**Exercise details:** Below are some records. Print exactly the lines between the one holding "Керамогранит Eternal Beige" and the one holding "Bomba Inyectora Original", inclusive, and nothing else.

**Records shown:**
※

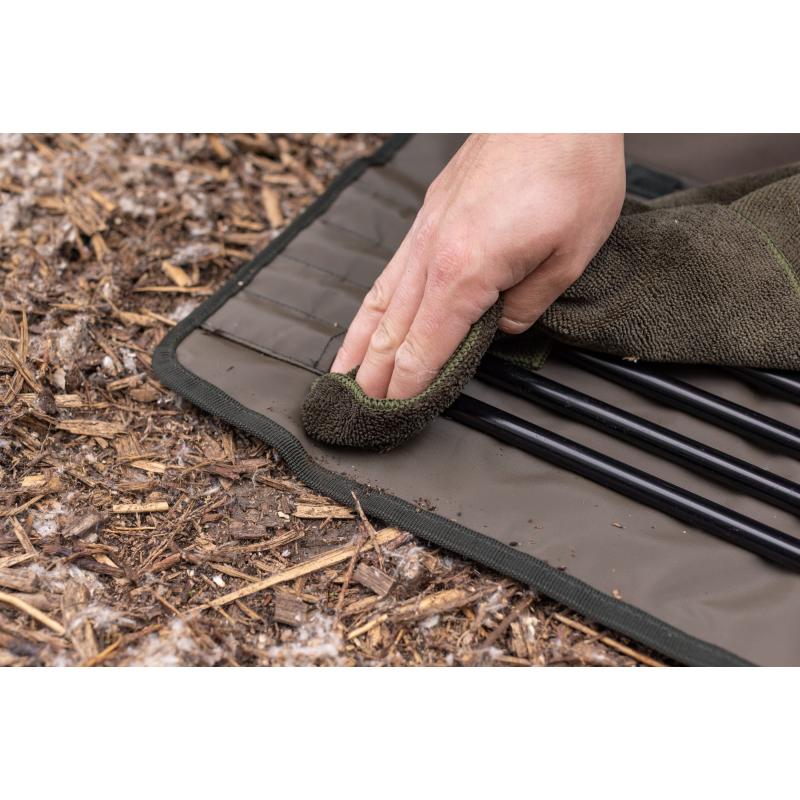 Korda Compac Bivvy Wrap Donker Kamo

※

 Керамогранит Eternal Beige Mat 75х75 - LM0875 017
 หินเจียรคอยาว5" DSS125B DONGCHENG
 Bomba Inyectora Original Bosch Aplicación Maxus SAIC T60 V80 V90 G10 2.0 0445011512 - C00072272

※

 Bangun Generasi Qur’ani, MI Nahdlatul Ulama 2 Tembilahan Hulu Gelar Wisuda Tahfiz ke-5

※

**Answer box:**
 Керамогранит Eternal Beige Mat 75х75 - LM0875 017
 หินเจียรคอยาว5" DSS125B DONGCHENG
 Bomba Inyectora Original Bosch Aplicación Maxus SAIC T60 V80 V90 G10 2.0 0445011512 - C00072272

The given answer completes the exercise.